Cambium has three distinct product lines, all within the wireless infrastructure category. Its point-to-multipoint products are used for fixed wireless access by wireless Internet service providers (WISPs), mostly in rural areas where fiber rollouts do not make economic sense. These products are sold internationally with approximately half of Cambium's total sales occurring outside the United States. The company has recently started selling 60GHz products and has 28GHz 5G products in beta testing, both of which support gigabit end-user connections. These speeds are equivalent to what fiber can offer and make these products even stronger competitors in the market. The 28Ghz product in particular has a lot of promise with international Tier 2 customers which are larger than the usual Tier 3s that Cambium sells to.
Cambium's second product line is point-to-point radios used for cellular backhaul and government communication. These are line-of-sight connections that can transmit massive amounts of data. As cellular operators roll out more 5G cell sites in rural areas they need wireless backhaul links to connect them to their main data centers as the cost of building out fiber to each cell site is prohibitive. The government uses these point-to-point products for secure communication from remote locations.
The company's final product line is WiFi products.
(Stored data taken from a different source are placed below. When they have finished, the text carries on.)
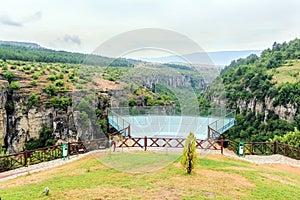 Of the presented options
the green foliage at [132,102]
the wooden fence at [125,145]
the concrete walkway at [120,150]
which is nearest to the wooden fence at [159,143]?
the wooden fence at [125,145]

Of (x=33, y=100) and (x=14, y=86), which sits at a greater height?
(x=14, y=86)

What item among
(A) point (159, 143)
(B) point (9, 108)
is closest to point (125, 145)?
(A) point (159, 143)

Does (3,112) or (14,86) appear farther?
(14,86)

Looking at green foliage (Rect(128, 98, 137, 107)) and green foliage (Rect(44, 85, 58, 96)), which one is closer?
green foliage (Rect(128, 98, 137, 107))

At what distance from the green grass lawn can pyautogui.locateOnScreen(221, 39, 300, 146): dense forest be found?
102 feet

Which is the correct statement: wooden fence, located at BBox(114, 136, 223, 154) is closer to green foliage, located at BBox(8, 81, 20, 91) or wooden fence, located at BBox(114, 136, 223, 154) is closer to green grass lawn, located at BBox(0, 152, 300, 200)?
green grass lawn, located at BBox(0, 152, 300, 200)

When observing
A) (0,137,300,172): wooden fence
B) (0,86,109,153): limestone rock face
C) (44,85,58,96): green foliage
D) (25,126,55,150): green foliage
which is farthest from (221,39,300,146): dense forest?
(0,137,300,172): wooden fence

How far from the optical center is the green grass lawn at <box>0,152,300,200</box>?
641cm

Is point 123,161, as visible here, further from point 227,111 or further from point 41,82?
point 41,82

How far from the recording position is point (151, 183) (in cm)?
720

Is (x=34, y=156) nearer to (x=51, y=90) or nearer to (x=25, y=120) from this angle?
(x=25, y=120)

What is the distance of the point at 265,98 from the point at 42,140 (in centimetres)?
4277

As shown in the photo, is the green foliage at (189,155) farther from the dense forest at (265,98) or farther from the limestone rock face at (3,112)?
the dense forest at (265,98)

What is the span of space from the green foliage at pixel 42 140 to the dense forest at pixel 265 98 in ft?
78.8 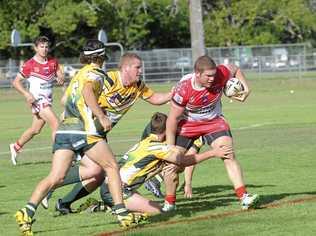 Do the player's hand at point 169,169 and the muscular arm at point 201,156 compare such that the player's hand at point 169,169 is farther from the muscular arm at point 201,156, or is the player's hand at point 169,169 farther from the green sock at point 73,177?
the green sock at point 73,177

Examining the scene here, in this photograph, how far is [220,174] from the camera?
15516 millimetres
This is a newer product line for the company but fits in well with its overall wireless portfolio. Cambium’s WiFi portfolio includes both indoor and rugged outdoor units and creates an overall wireless mesh for markets such as higher education, oil & gas drilling rigs, healthcare, and wireless video surveillance CCTV. While WiFi has many competitors, Cambium has been successful in taking share with its high performance, low total cost of ownership, and single management portal. The company had a head start in the new WiFi 6 standard and its overall WiFi revenue grew 67% in 2021, including a blowout 4th quarter in which WiFi revenue grew 136% year-over-year. Some of this was due to increased supply and pent-up demand in this product area but the broader annual growth confirms Cambium’s leadership in this space. WiFi 6 is driving an upgrade cycle in the industry which is just beginning and will be a tailwind to Cambium's business for the next few years.
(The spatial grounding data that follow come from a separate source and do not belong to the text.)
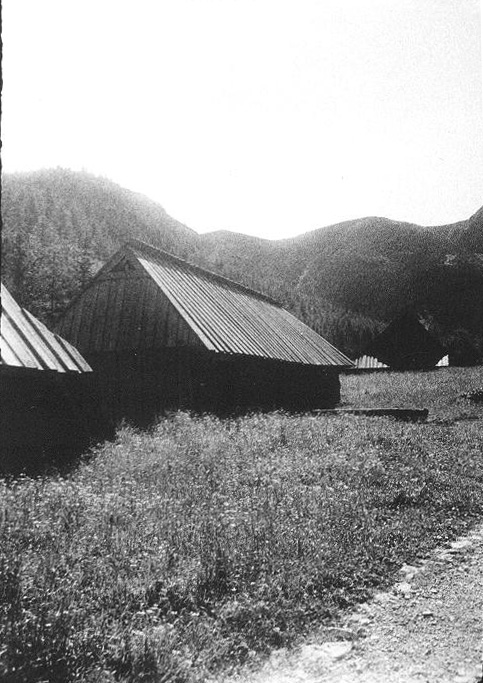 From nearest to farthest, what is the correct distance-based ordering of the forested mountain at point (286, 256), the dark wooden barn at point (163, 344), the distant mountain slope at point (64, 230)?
the dark wooden barn at point (163, 344) < the distant mountain slope at point (64, 230) < the forested mountain at point (286, 256)

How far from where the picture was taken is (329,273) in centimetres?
10581

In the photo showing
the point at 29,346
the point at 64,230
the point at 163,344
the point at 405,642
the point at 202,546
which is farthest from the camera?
the point at 64,230

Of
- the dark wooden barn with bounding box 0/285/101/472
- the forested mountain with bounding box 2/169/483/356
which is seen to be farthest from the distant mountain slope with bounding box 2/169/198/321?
the dark wooden barn with bounding box 0/285/101/472

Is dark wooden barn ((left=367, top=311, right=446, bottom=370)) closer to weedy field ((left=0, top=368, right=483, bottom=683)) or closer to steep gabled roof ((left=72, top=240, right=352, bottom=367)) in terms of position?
steep gabled roof ((left=72, top=240, right=352, bottom=367))

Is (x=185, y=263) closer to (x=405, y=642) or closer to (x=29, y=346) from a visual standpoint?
(x=29, y=346)

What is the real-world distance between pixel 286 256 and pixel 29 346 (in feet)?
357

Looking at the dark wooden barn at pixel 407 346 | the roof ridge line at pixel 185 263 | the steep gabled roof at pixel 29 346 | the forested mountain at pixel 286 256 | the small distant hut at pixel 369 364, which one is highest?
the forested mountain at pixel 286 256

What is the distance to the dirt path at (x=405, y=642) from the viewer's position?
345 cm

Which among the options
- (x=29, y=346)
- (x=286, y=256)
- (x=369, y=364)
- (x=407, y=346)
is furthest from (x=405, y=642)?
(x=286, y=256)

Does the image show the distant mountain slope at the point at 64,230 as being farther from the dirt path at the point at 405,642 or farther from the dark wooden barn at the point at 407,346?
the dirt path at the point at 405,642

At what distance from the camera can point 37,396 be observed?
34.3 ft

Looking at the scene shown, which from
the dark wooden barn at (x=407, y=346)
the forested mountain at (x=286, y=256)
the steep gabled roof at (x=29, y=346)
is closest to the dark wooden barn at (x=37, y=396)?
the steep gabled roof at (x=29, y=346)

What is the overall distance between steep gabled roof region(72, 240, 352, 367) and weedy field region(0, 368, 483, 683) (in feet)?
22.7

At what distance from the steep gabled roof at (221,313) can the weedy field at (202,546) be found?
6.91 m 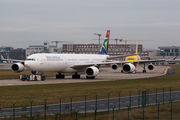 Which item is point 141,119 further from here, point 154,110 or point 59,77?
point 59,77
Cambium is uniquely positioned in its market as the low price / high value leader. It has unmatched price / performance and total cost of ownership is much lower than its competition. It uses merchant silicon in its products which allows it to take advantage of the scale of its large suppliers. For example, Tarana Wireless, a fixed wireless competitor, has a high-performance product based on an internally designed ASIC which is priced at twice what comparable Cambium products sell at and as such, has had very limited success in the market. Ubiquiti Inc (NYSE:UI), on the other hand, has a low-priced product, but its defocusing on the fixed wireless market has caused its products to lag Cambium’s in performance and it is losing share to Cambium in this area currently.
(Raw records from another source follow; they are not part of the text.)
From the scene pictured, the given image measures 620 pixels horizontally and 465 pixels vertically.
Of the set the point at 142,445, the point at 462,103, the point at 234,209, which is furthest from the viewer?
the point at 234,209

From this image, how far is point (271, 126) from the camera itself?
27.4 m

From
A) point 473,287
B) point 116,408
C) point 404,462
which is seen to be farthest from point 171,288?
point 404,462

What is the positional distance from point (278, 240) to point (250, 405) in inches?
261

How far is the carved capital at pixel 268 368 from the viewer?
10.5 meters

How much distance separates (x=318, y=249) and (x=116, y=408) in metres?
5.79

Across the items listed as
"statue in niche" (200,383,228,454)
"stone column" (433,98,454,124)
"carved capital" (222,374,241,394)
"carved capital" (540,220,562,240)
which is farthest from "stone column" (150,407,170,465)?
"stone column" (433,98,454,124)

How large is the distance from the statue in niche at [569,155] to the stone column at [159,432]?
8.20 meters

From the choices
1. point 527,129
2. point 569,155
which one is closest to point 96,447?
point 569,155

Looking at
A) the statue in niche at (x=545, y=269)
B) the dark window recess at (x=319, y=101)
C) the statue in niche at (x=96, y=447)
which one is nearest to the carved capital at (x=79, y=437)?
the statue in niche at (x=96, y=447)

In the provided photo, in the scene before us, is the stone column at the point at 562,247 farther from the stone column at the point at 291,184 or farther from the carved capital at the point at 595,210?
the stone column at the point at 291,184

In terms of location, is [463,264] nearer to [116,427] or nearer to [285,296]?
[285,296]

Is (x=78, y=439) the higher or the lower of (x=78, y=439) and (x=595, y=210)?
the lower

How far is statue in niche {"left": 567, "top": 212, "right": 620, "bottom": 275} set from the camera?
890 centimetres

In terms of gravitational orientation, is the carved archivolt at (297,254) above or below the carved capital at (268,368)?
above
Another advantage of the Cambium product line is that it is all controlled by a single cloud software management system that works across the point-to-multipoint, point-to-point, and WiFi products. The basic version of this software comes free with the hardware products, but the company is introducing incremental functionality that it will charge a monthly fee for. This software will have very high gross margins and will help lift the overall gross margins of the company. Also, the recurring monthly fee will drive increased revenue visibility for the business and will garner a higher multiple from the market.
One highlight of the Cambium investment thesis is the government funding coming into the rural telecom community to bridge the digital divide and provide high speed Internet access to rural users. Four separate government funding vehicles exist to provide funds to the efforts. The Rural Digital Opportunity Fund is already in place and has $11 billion left for funding. The Infrastructure Investment and Jobs Act provides $6 billion directly to telcos and another $14.5 billion in end-user subsidies. The Connect America Fund provides $4.5 billion each year for high-speed internet access in rural areas and the 5G Rural Fund for America provides $9 billion for 5G in neglected markets. The combination of all of these funds gives a significant tailwind to WISPs purchasing equipment such as Cambium's to connect rural areas in the US.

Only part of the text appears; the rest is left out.